La Chambre a adopté le 28 février 2019 le projet de loi porté par le ministre Geens sur la réforme du droit des sociétés et des associations. Un sérieux dépoussiérage qui apporte changements majeurs et simplifications.
Comme l’explique Lien Thijs, Head of General Legal Affairs d’ING Belgique, le nouveau Code des Sociétés et des Associations (CSA),en vigueur depuis le 1er mai, réforme assez fondamentalement le droit des sociétés.
« La volonté du législateur était à la fois de simplifier et de tout rassembler dans une seule loi. Le CSA intègre ainsi les sociétés, les ASBL et les fondations. Il supprime le concept de ‘société publique’, réduit le régime applicable aux sociétés cotées et diminue le nombre de formes juridiques possibles, en mettant fin à certaines structures comme la société momentanée ou la société agricole. Et il réduit aussi le nombre de sanctions pénales. Mais il ne les supprime pas toutes, contrairement à ce qui a pu être dit dans la presse. »
Les trois articles fondateurs du nouveau CSA
Article 1 :1. « Une société est constituée par un acte juridique par lequel une ou plusieurs personnes, dénommées associés, font un apport. Elle a un patrimoine et a pour objet l’exercice d’une ou plusieurs activités déterminées. Un de ses buts est de distribuer ou procurer à ses associés un avantage patrimonial direct ou indirect. »
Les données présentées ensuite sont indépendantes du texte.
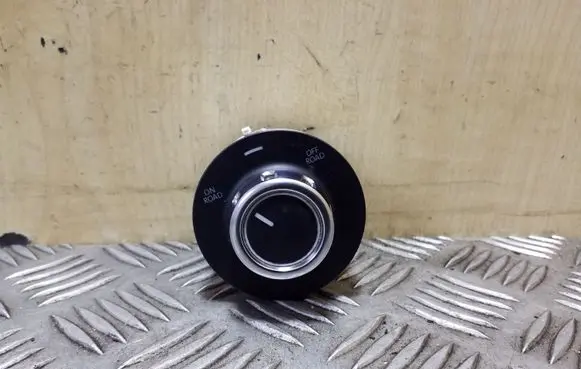 Volkswagen Touareg II Differential lock switch 7P6941435B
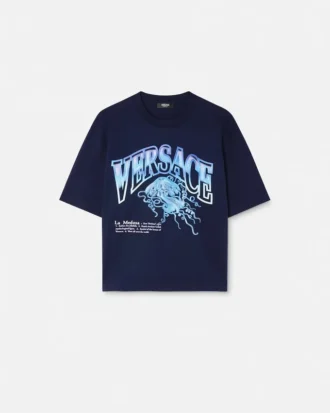 Koszulka La Medusa Varsity Boxy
Nouveauté : sauf quelques exceptions, une société peut être constituée par une seule personne. Chaque société a un patrimoine, un capital n’est plus nécessairement requis.
Article 1:2. « Une association est constituée par une convention entre deux ou plusieurs personnes, dénommées membres. Elle poursuit un but désintéressé dans le cadre de l’exercice d’une ou plusieurs activités déterminées qui constituent son objet. Elle ne peut distribuer ni procurer directement ou indirectement un quelconque avantage patrimonial à ses fondateurs, ses membres, ses administrateurs ni à toute autre personne sauf dans le but désintéressé déterminé par les statuts. Toute opération violant cette interdiction est nulle. »
Nouveauté : il n’y a plus de limite concernant les activités autorisées, notamment commerciales, pourvu que personne n’en tire profit, sauf bien entendu si ce profit cadre avec le but désintéressé de l’association.
Article 1:3. « Une fondation est une personne morale dépourvue de membres, constituée par une ou plusieurs personnes, dénommées fondateurs. Son patrimoine est affecté à la poursuite d’un but désintéressé dans le cadre de l’exercice d’une ou plusieurs activités déterminées qui constituent son objet. Elle ne peut distribuer ni procurer, directement ou indirectement, un quelconque avantage patrimonial à ses fondateurs, ses administrateurs ni à toute autre personne, sauf dans le but désintéressé déterminé par les statuts. Toute opération violant cette interdiction est nulle. »
Nouveauté : il n’y a plus de limites aux activités autorisées. Tout comme pour les associations, il est prohibé de distribuer les bénéfices.
La SPRL devient la SRL
La disparition la plus symbolique est celle de la SPRL, qui devient la SRL – Société à Responsabilité Limitée. Et comme une société pourra désormais être constituée et administrée par une seule personne et ne devra plus disposer d’un capital minimum, la SPRLU et la SPRL Starter n’ont plus de raison d’être : elles disparaissent également au profit de la SRL. La SA subsiste, bien sûr, de même que la Société Coopérative, mais celle-ci doit désormais répondre à des exigences strictes qui garantissent son caractère coopératif. Beaucoup deviendront des SRL.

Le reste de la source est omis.